Predicting the Neutrino Emission for the Sources in the H.E.S.S. Galactic Plane Survey

TL;DR

This paper predicts neutrino emissions from gamma-ray sources in the Milky Way based on observed spectra, providing a model to aid in neutrino detection and distinguish hadronic from leptonic origins.

Contribution

It introduces an observation-based, class-agnostic model for neutrino emission from Galactic gamma-ray sources, independent of source distance or environment.

Findings

Predicted neutrino fluxes for 78 gamma-ray sources.

Developed an empirical model for Galactic neutrino emission.

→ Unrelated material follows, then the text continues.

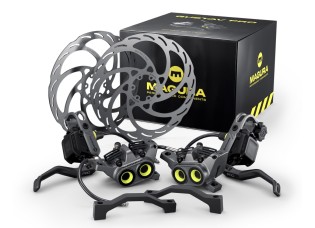 Velomotion - Magura Gustav Pro Scheibenbremse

Facilitates targeted neutrino searches and source origin testing.

Abstract

The H.E.S.S. Galactic Plane Survey has detected very-high-energy (VHE) gamma-ray emission from 78 sources in the Milky Way. These sources belong to different object classes (pulsar wind nebulae, supernova remnants or binary systems) and some of these sources remain unidentified. The gamma-ray emission of these objects may be of leptonic or hadronic origin and gamma-ray observations alone cannot distinguish between these two scenarios. The detection of neutrino emission would provide evidence for a hadronic scenario in these objects. Based on the observed gamma-ray spectra we predict the neutrino emission of these sources under the hypothesis that the emission is solely of hadronic origin. This prediction relies entirely on observation and is independent of the source class, the distance or the ambient target material. We use these predictions to create an empirical model for the neutrino emission of the Milky Way. This model can be used to search for neutrino emission from individual gamma-ray sources as well as testing for neutrino emission from potential source populations in the Milky Way.